* Required work
Starting with the line that contains "Kylie Cosmetics Matte", write out each line through the end of the listing, unchanged. Output nothing else.
───── Data for this task
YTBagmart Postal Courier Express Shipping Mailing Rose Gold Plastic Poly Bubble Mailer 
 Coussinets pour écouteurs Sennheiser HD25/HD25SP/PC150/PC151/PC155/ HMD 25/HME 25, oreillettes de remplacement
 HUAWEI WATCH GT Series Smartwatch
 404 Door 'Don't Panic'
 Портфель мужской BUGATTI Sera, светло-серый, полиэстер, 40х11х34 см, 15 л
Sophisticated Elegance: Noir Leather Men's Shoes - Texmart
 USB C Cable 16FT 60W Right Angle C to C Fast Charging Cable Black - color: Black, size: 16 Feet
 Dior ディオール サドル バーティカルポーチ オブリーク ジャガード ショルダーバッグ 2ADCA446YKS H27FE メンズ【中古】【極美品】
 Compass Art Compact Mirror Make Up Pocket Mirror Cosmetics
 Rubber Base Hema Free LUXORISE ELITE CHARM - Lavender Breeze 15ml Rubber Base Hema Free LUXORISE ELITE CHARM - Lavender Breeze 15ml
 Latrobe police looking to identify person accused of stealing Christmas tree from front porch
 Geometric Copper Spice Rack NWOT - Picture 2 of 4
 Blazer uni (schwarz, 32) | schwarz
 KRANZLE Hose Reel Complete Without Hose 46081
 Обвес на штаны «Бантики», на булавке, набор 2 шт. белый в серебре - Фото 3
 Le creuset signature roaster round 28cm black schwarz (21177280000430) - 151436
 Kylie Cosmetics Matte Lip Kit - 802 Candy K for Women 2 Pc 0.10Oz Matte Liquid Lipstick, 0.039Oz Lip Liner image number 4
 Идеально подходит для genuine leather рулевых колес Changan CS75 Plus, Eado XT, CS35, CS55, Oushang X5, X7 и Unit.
──────────
* Solved problem
 Kylie Cosmetics Matte Lip Kit - 802 Candy K for Women 2 Pc 0.10Oz Matte Liquid Lipstick, 0.039Oz Lip Liner image number 4
 Идеально подходит для genuine leather рулевых колес Changan CS75 Plus, Eado XT, CS35, CS55, Oushang X5, X7 и Unit.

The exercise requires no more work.